New safety laws and protections for workers have ground to a halt under the Bush
administration, says Death on the Job.
“Important standards close to completion at the end of
the Clinton administration have been withdrawn or repeatedly delayed. Overall,
dozens of OSHA [Occupational Safety and Health Administration] and MSHA [Mine
Safety and Health Administration] standards were pulled from the
administration’s regulatory agenda, including MSHA standards on mine rescue
teams, self-contained self-rescue devices, and escape ways and refuges which
may have helped prevent the fatalities at the Sago mine.”
Along with blocking new safety standards, the Bush
administration has cut enforcement staff and enforcement budgets for OSHA and
MSHA and turned to voluntary programs for employers to provide safe workplaces
than relaying on strong enforcement of job safety laws. Even when workplace penalties
are assessed, the small fines provide little deterrence, the report points out.
The average national total penalty in fatality
investigations was just $10,133. Delaware had the lowest average penalties in
fatality cases, with no penalties assessed, followed by Alaska, with $750 in
penalties per fatality case, and Oregon with $793 in penalties.

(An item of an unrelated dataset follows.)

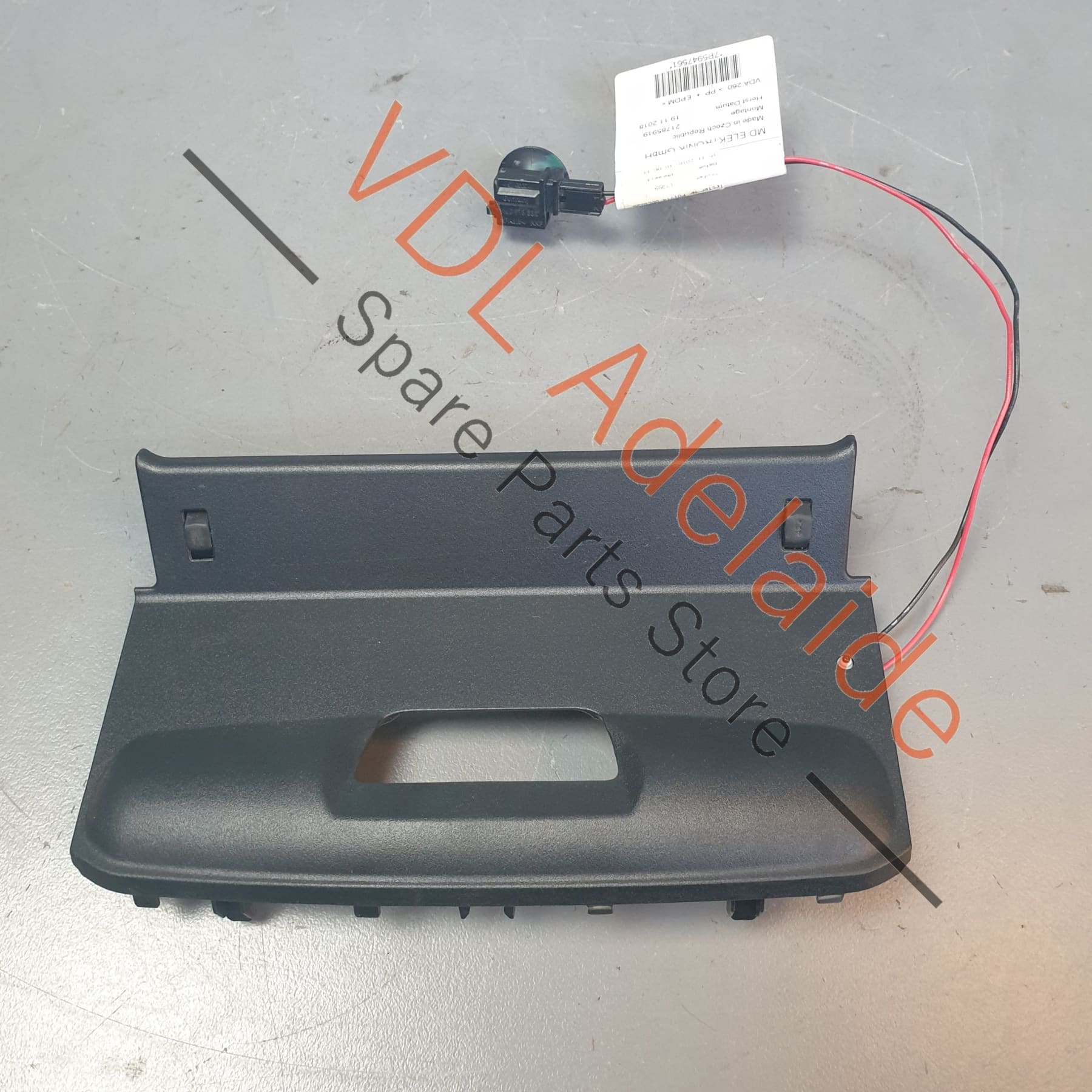 9Y0863475A1E0   Porsche Cayenne E3 9Y Centre Console Armrest Trim 9Y0863475A 1E0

In 2006, fatal injuries among Hispanic workers increased
by 7% over 2005, with 990 killed on the job, the highest number of Hispanic
worker deaths ever recorded. The fatality rate among Latino workers in 2006 was
25% higher that the fatal injury rate for all workers.

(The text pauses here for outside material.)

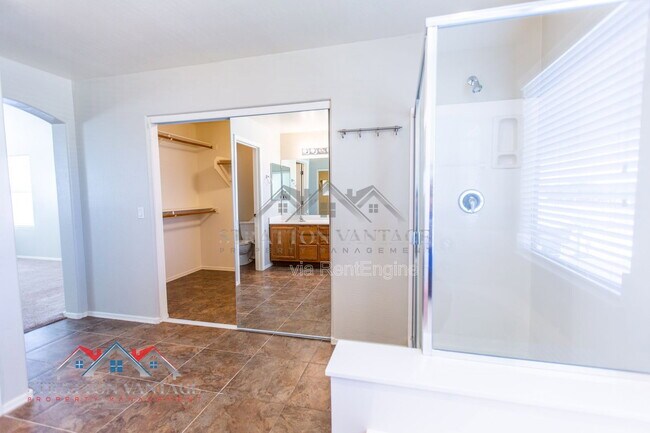 Building Photo - 17932 W Caribbean Ln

Says AFL-CIO President John Sweeney:
“Our nation’s system of rules and enforcement has fallen
embarrassingly short of its goal of ensuring workplace safety. America’s
workers simply can’t afford four more years of Bush administration-style cuts,
rollbacks, and opposition to new safety protections. Congress and the next
president must guarantee good jobs, safe jobs, for all.”
Both Sen. Hillary Rodham Clinton (D-N.Y.) and Sen. Barack
Obama (D-Ill.) have pledged to back tough new job safety laws and worker
protections if elected president. But Republican presidential candidate Sen.
John McCain (R-Ariz.) has a long record of voting against strong worker
protections. A flier that shows McCain’s votes on important health and safety
bills can be found at www.aflcio.org/issues/politics/upload/mccain_workersafety.pdf.
These include his votes against a bill to set field sanitation standards for
farm workers, mine safety laws, workplace ergonomics standards to prevent
millions of repetitive stress injuries a year and stronger penalties against
employers who violate workplace safety rules.
The report also breaks down the death and injury rates by industry, state and race; tracks trends in enforcement activities, regulations and funding; and examines other job safety statistics.